__THE PROBLEM__
Give back every line of the data, word for word.

__ENTRIES PROVIDED__
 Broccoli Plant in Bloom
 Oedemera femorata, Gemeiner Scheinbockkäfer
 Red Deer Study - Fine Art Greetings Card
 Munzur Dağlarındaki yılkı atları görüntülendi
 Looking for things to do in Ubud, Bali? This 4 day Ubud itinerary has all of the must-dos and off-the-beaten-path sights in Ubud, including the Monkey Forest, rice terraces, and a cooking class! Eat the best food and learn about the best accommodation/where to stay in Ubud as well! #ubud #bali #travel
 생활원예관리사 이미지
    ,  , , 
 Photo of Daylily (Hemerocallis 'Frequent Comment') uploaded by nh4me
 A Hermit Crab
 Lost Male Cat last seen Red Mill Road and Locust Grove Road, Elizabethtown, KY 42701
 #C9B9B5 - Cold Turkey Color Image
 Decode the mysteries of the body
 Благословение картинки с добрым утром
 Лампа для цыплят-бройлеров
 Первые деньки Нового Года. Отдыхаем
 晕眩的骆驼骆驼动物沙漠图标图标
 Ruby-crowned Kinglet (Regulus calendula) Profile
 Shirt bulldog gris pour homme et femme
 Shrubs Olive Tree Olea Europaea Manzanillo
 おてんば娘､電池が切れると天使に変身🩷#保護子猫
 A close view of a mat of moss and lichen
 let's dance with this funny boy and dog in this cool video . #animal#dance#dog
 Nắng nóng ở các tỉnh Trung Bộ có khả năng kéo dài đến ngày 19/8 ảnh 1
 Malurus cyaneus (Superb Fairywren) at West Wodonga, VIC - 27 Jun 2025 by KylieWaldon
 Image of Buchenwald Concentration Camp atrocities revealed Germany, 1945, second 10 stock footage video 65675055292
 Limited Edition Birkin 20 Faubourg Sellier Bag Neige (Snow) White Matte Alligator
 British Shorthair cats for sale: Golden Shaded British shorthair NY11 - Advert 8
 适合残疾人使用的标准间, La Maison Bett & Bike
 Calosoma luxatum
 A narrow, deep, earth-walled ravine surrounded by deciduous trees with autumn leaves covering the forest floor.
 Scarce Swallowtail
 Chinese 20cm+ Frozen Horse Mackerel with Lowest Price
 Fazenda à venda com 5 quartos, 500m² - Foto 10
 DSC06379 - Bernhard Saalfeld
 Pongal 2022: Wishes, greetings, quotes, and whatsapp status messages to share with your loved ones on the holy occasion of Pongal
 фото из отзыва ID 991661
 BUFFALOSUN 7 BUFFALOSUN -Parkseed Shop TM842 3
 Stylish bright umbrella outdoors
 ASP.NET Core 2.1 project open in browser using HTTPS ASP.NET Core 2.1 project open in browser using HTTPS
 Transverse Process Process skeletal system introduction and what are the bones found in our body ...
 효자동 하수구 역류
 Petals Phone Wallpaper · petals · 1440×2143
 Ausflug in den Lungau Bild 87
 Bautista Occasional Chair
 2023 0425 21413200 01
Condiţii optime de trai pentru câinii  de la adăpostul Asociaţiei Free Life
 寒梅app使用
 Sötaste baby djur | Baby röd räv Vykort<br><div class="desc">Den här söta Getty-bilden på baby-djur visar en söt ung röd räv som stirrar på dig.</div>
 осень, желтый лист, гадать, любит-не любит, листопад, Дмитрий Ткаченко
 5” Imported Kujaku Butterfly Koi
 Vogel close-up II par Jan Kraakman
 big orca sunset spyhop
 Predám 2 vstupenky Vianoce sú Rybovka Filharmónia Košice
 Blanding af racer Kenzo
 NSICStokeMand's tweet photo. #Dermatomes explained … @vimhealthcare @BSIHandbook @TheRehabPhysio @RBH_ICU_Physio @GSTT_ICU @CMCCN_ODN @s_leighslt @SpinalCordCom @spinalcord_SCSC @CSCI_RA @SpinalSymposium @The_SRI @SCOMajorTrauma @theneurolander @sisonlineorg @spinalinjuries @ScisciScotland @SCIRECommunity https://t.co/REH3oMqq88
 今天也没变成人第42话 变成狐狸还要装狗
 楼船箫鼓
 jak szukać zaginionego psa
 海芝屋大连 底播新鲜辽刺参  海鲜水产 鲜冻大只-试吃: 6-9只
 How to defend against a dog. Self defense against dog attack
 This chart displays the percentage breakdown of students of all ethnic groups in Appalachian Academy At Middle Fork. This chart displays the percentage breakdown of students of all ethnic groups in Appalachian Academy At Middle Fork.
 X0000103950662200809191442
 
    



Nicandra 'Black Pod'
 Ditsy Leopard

__TASK ANSWER__
 Broccoli Plant in Bloom
 Oedemera femorata, Gemeiner Scheinbockkäfer
 Red Deer Study - Fine Art Greetings Card
 Munzur Dağlarındaki yılkı atları görüntülendi
 Looking for things to do in Ubud, Bali? This 4 day Ubud itinerary has all of the must-dos and off-the-beaten-path sights in Ubud, including the Monkey Forest, rice terraces, and a cooking class! Eat the best food and learn about the best accommodation/where to stay in Ubud as well! #ubud #bali #travel
 생활원예관리사 이미지
    ,  , , 
 Photo of Daylily (Hemerocallis 'Frequent Comment') uploaded by nh4me
 A Hermit Crab
 Lost Male Cat last seen Red Mill Road and Locust Grove Road, Elizabethtown, KY 42701
 #C9B9B5 - Cold Turkey Color Image
 Decode the mysteries of the body
 Благословение картинки с добрым утром
 Лампа для цыплят-бройлеров
 Первые деньки Нового Года. Отдыхаем
 晕眩的骆驼骆驼动物沙漠图标图标
 Ruby-crowned Kinglet (Regulus calendula) Profile
 Shirt bulldog gris pour homme et femme
 Shrubs Olive Tree Olea Europaea Manzanillo
 おてんば娘､電池が切れると天使に変身🩷#保護子猫
 A close view of a mat of moss and lichen
 let's dance with this funny boy and dog in this cool video . #animal#dance#dog
 Nắng nóng ở các tỉnh Trung Bộ có khả năng kéo dài đến ngày 19/8 ảnh 1
 Malurus cyaneus (Superb Fairywren) at West Wodonga, VIC - 27 Jun 2025 by KylieWaldon
 Image of Buchenwald Concentration Camp atrocities revealed Germany, 1945, second 10 stock footage video 65675055292
 Limited Edition Birkin 20 Faubourg Sellier Bag Neige (Snow) White Matte Alligator
 British Shorthair cats for sale: Golden Shaded British shorthair NY11 - Advert 8
 适合残疾人使用的标准间, La Maison Bett & Bike
 Calosoma luxatum
 A narrow, deep, earth-walled ravine surrounded by deciduous trees with autumn leaves covering the forest floor.
 Scarce Swallowtail
 Chinese 20cm+ Frozen Horse Mackerel with Lowest Price
 Fazenda à venda com 5 quartos, 500m² - Foto 10
 DSC06379 - Bernhard Saalfeld
 Pongal 2022: Wishes, greetings, quotes, and whatsapp status messages to share with your loved ones on the holy occasion of Pongal
 фото из отзыва ID 991661
 BUFFALOSUN 7 BUFFALOSUN -Parkseed Shop TM842 3
 Stylish bright umbrella outdoors
 ASP.NET Core 2.1 project open in browser using HTTPS ASP.NET Core 2.1 project open in browser using HTTPS
 Transverse Process Process skeletal system introduction and what are the bones found in our body ...
 효자동 하수구 역류
 Petals Phone Wallpaper · petals · 1440×2143
 Ausflug in den Lungau Bild 87
 Bautista Occasional Chair
 2023 0425 21413200 01
Condiţii optime de trai pentru câinii  de la adăpostul Asociaţiei Free Life
 寒梅app使用
 Sötaste baby djur | Baby röd räv Vykort<br><div class="desc">Den här söta Getty-bilden på baby-djur visar en söt ung röd räv som stirrar på dig.</div>
 осень, желтый лист, гадать, любит-не любит, листопад, Дмитрий Ткаченко
 5” Imported Kujaku Butterfly Koi
 Vogel close-up II par Jan Kraakman
 big orca sunset spyhop
 Predám 2 vstupenky Vianoce sú Rybovka Filharmónia Košice
 Blanding af racer Kenzo
 NSICStokeMand's tweet photo. #Dermatomes explained … @vimhealthcare @BSIHandbook @TheRehabPhysio @RBH_ICU_Physio @GSTT_ICU @CMCCN_ODN @s_leighslt @SpinalCordCom @spinalcord_SCSC @CSCI_RA @SpinalSymposium @The_SRI @SCOMajorTrauma @theneurolander @sisonlineorg @spinalinjuries @ScisciScotland @SCIRECommunity https://t.co/REH3oMqq88
 今天也没变成人第42话 变成狐狸还要装狗
 楼船箫鼓
 jak szukać zaginionego psa
 海芝屋大连 底播新鲜辽刺参  海鲜水产 鲜冻大只-试吃: 6-9只
 How to defend against a dog. Self defense against dog attack
 This chart displays the percentage breakdown of students of all ethnic groups in Appalachian Academy At Middle Fork. This chart displays the percentage breakdown of students of all ethnic groups in Appalachian Academy At Middle Fork.
 X0000103950662200809191442
 
    



Nicandra 'Black Pod'
 Ditsy Leopard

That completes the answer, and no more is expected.